**Exercise**:
Would you transcribe only the lines from the one holding "map of restaurants, bars, coffee" through the end of the material, exactly, without any pictures?

━━━━━━━━

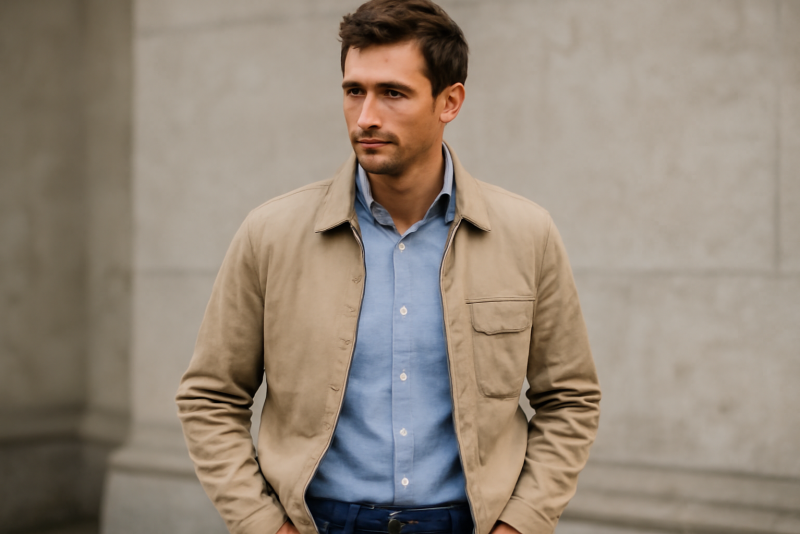 homme superposant chemise et veste légère
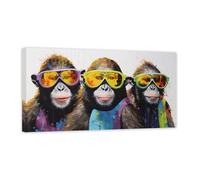 ZXHYWYM Graffiti Monkey Wall Art Large Colorful Animals Wearing Glasses Pictures Funny 3 Gorillas Painting Nursery Kids Room Home Wall Decor Framed (C, (25.00 x 50.00 cms))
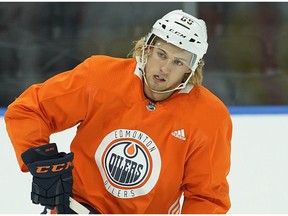 Edmonton Oiler rookie William Lagesson skates during the Oilers rookie training camp at Rogers Place in Edmonton on Friday September 7, 2018.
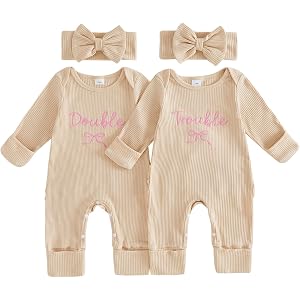 YOKJZJD Newborn Baby Boy Girl Twins Matching Outfits Knit Romper Jumpsuit | Who's Who Owl Newborn Twins Baby Boy Girl Clothes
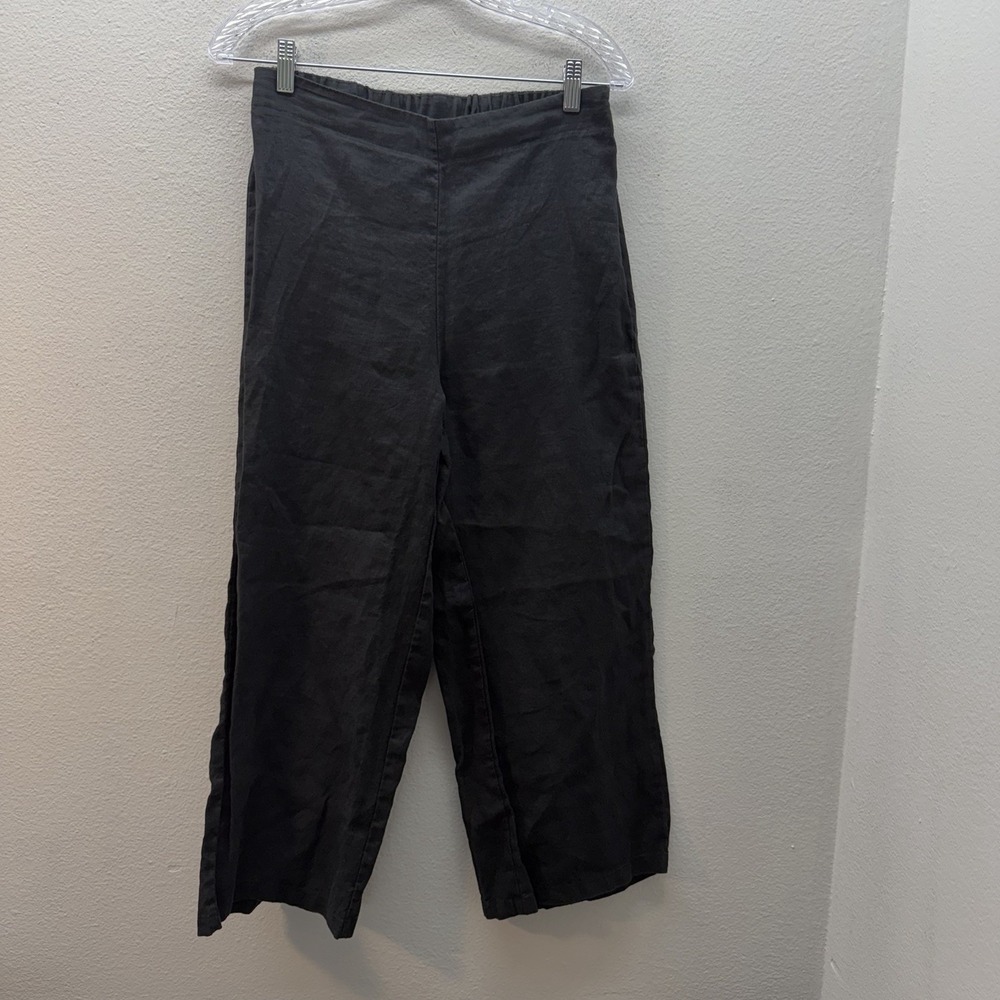 Tahari 100% Linen Wide Leg Pants Womens S Black Size Zip Trousers Lagenlook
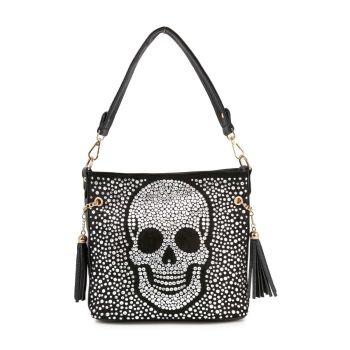 BAM-6046 BK BLING SKUAL CROSS BODY BAG
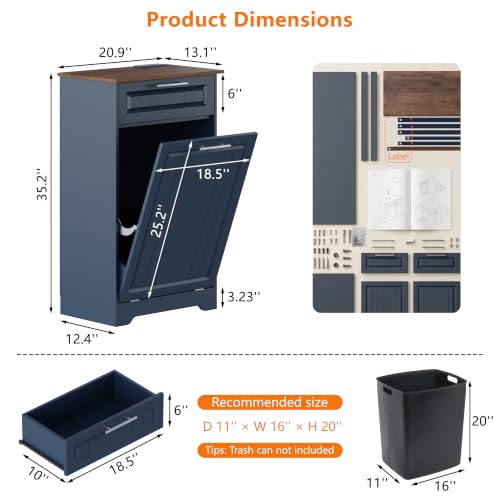 Single 10 Gallon Tilt Out Trash Can Cabinet with Deodorizing Function, Wooden Hidden Garbage Can Holder with Storage Drawers for Kitchen and Dining Room, Laundry Hamper Cabinet for Bathroom, Blue - color: Blue, size: 13.11"D x 20.91"W x 35.2"H(Single)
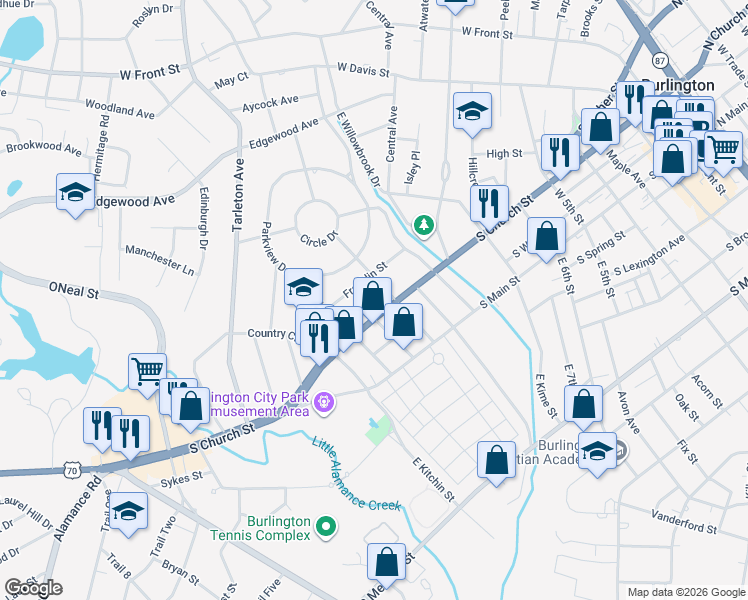 map of restaurants, bars, coffee shops, grocery stores, and more near 306 Glenwood Avenue in Burlington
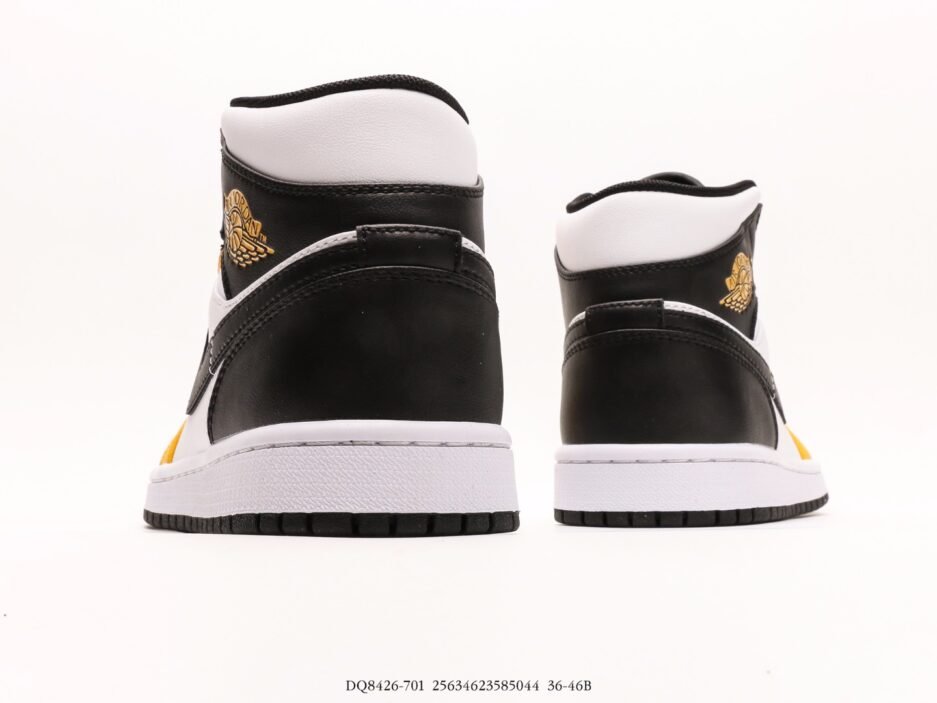 乔丹Air Jordan 1 Mid AJ1 乔1白黑黄 中邦文化休闲板鞋：圖片 6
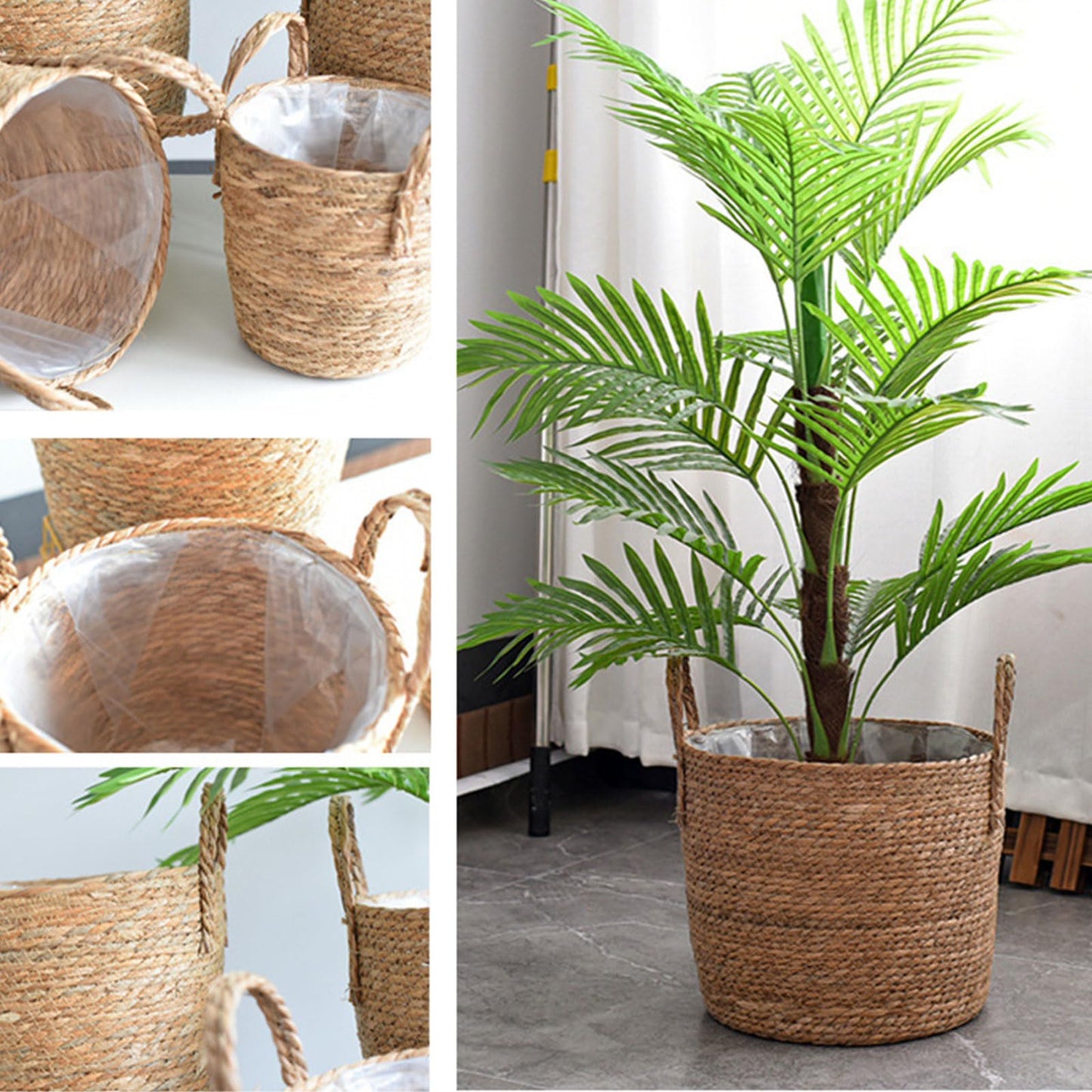 Hqkfuybl Woven Straw Flower Pot, Sea-Grass Planter Basket, Wicker Rattan Vase Sundries Organizers Storage Bins, Hand Woven Basket Planter with Plastics Liners and Handle - L 8.26x10.63inch
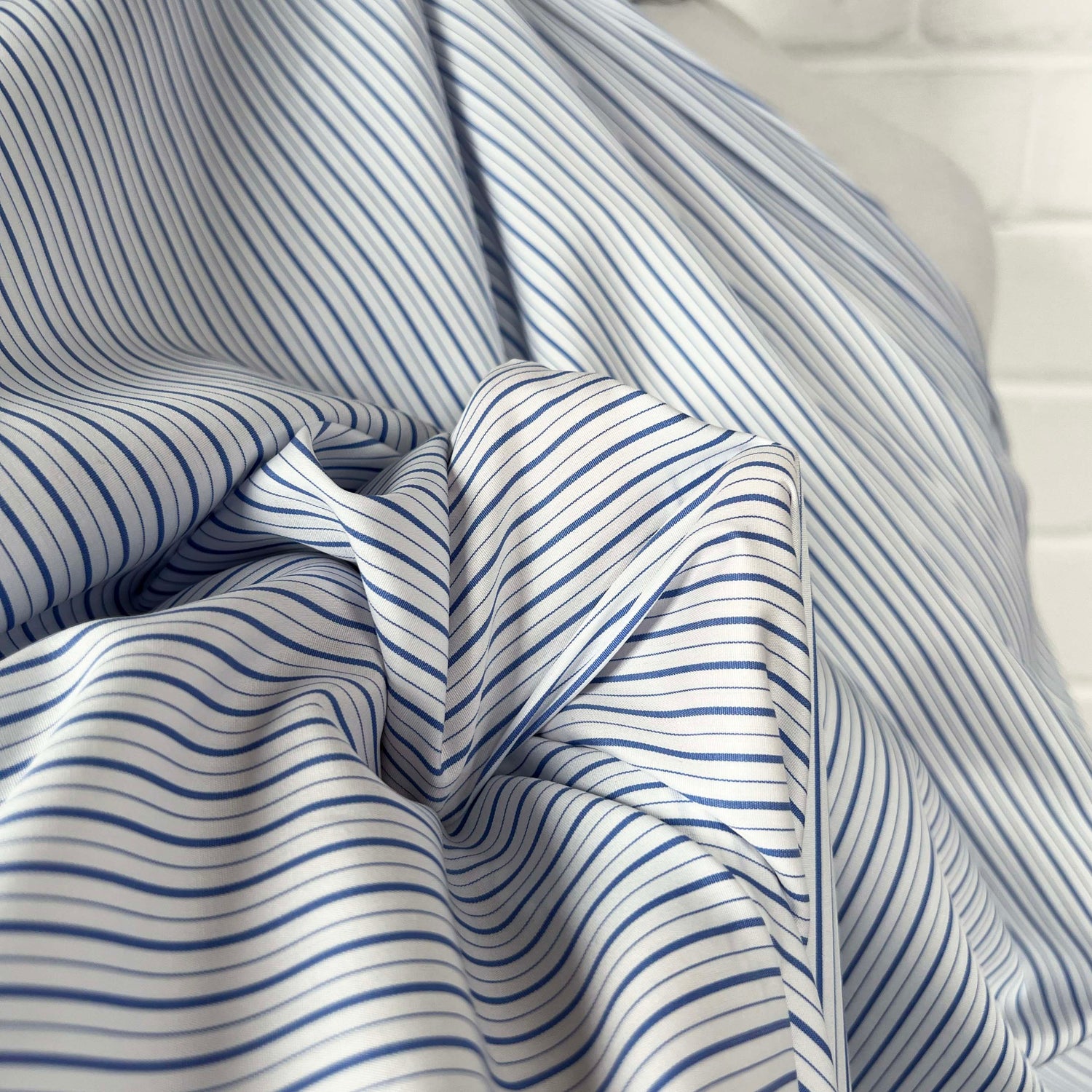 Cotton Rigato Double Blue White Italian Stripe Fabric CU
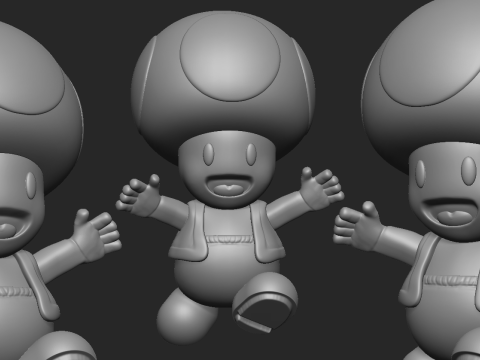 Toad Super Mario Bros 3D Print Model
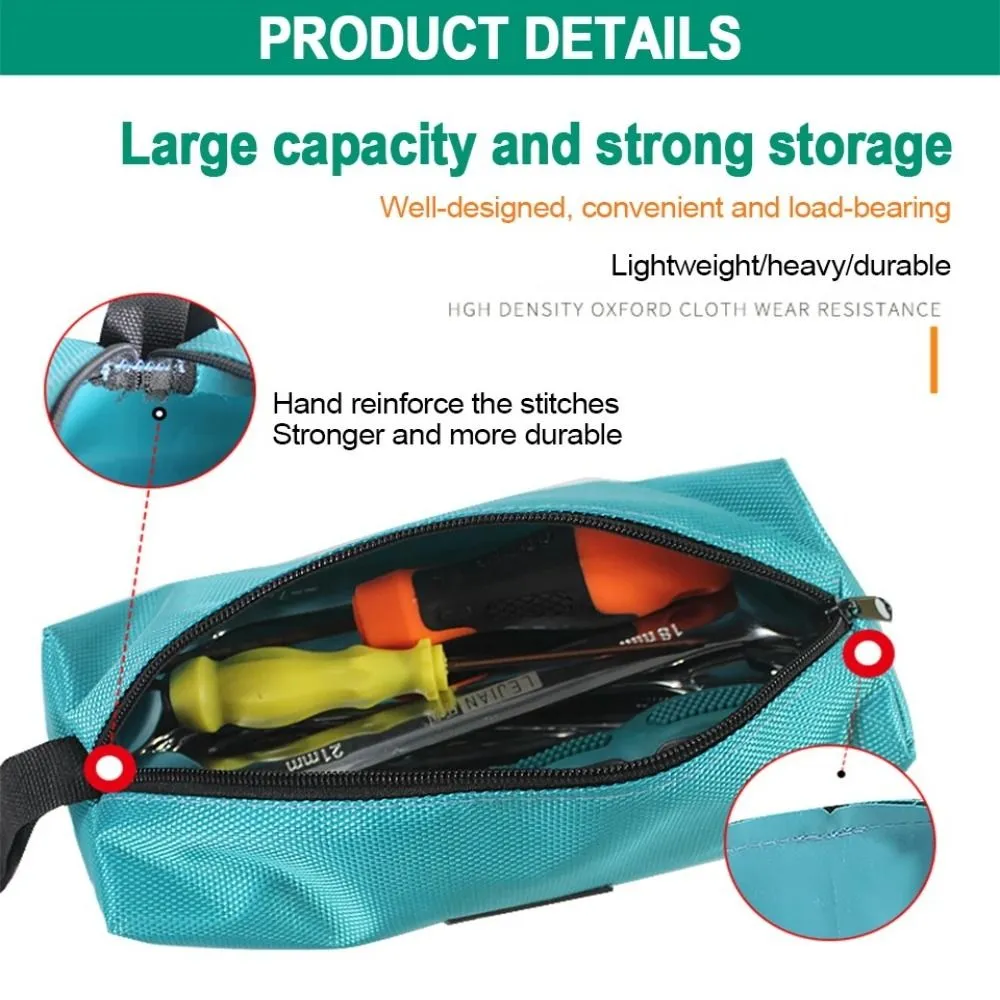 Waterproof Oxford Canvas Tool Bag with Zipper Pouch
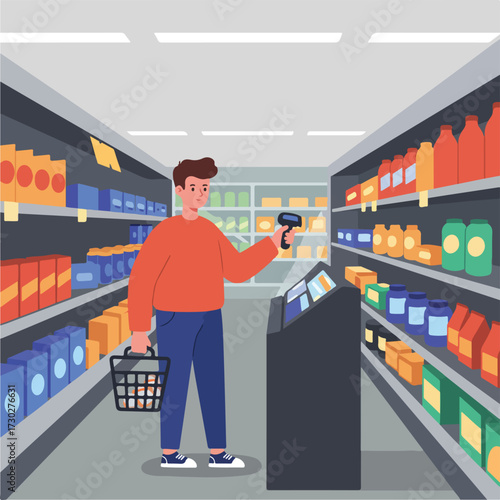 Man scanning items at a self-checkout in a supermarket aisle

━━━━━━━━

**Result**:
 map of restaurants, bars, coffee shops, grocery stores, and more near 306 Glenwood Avenue in Burlington
 乔丹Air Jordan 1 Mid AJ1 乔1白黑黄 中邦文化休闲板鞋：圖片 6
 Hqkfuybl Woven Straw Flower Pot, Sea-Grass Planter Basket, Wicker Rattan Vase Sundries Organizers Storage Bins, Hand Woven Basket Planter with Plastics Liners and Handle - L 8.26x10.63inch
 Cotton Rigato Double Blue White Italian Stripe Fabric CU
 Toad Super Mario Bros 3D Print Model
 Waterproof Oxford Canvas Tool Bag with Zipper Pouch
 Man scanning items at a self-checkout in a supermarket aisle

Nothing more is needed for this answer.